Certains délinquants sexuels sont-ils “irrécupérables” ?
Il y a plusieurs niveaux d’analyse. Sur le plan strictement clinique, il peut y avoir un trouble mental irréversible qui, sur le long terme, est résistant à l’intervention thérapeutique. Si, en plus, sur le plan comportemental, il paraît impossible d’empêcher la récidive, la conséquence en découle : la décision de libérer la personne devient négative.
Aux Pays-Bas, on offre surtout un meilleur cadre de vie
Prise en charge . "De Pompestichting", l’institution hollandaise où l’interné belge espérait être hébergé, est née du constat que l’enfermement, à vie, de patients psychiatriques n’est pas humain, coûte très cher et entre en contradiction avec les droits humains. Aux Pays-Bas, ces personnes sont prises en charge dans un centre de psychiatrie légale.
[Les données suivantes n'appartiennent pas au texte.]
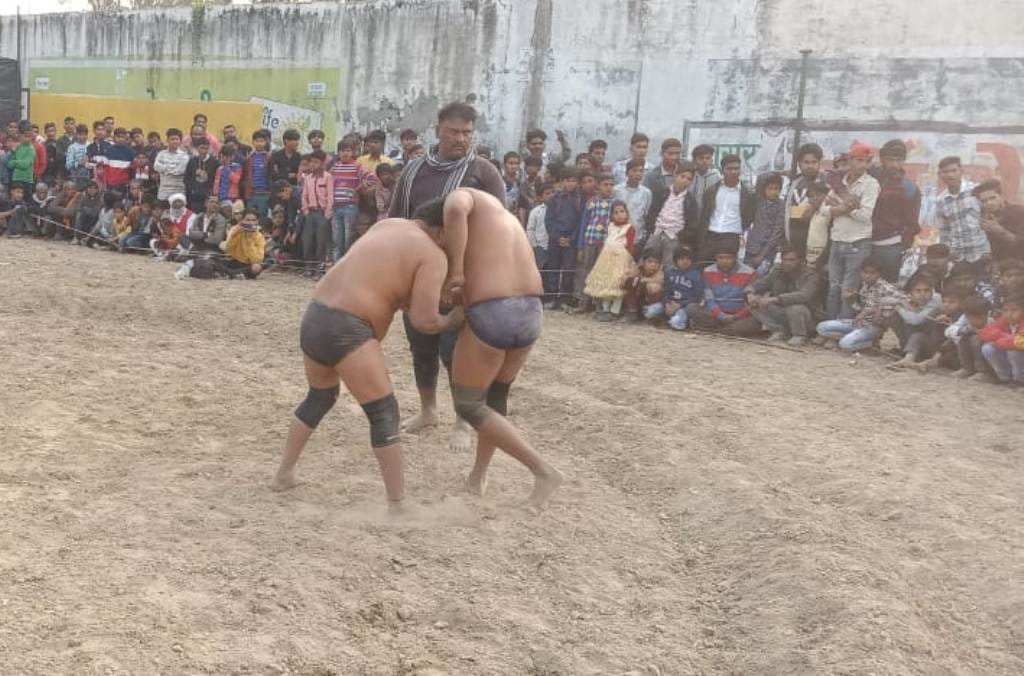 Wrestlers showed tricks in Dangal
"Long séjour" . Les patients qui refusent de collaborer ou sur lesquels le traitement ne produit pas de résultats satisfaisants sont orientés vers la section "long séjour" ("langdurige forensisch psychiatrische zorg" ou LFPZ) de l’hôpital - celle-là même que souhaitait intégrer M. Van Den Bleeken. Ils n’en sortiront probablement plus jamais, explique la ‘Pompestischting’, sur son site internet. Au LFPZ (deux localisations de 48 et 88 places), on doit plutôt parler d’encadrement et d’accompagnement des patients que de soins à proprement parler.
Bénéfique. L’objectif est double. D’un côté, la protection de la société ; de l’autre, "la meilleure qualité de vie possible" pour les personnes. "En améliorant le bien-être et la stabilité du patient/résident, ces objectifs peuvent être atteints. Il apparaît en outre que dans un certain nombre de cas, un tel environnement s’avère bénéfique pour la condition psychique et, partant, pour le risque de récidive de certains."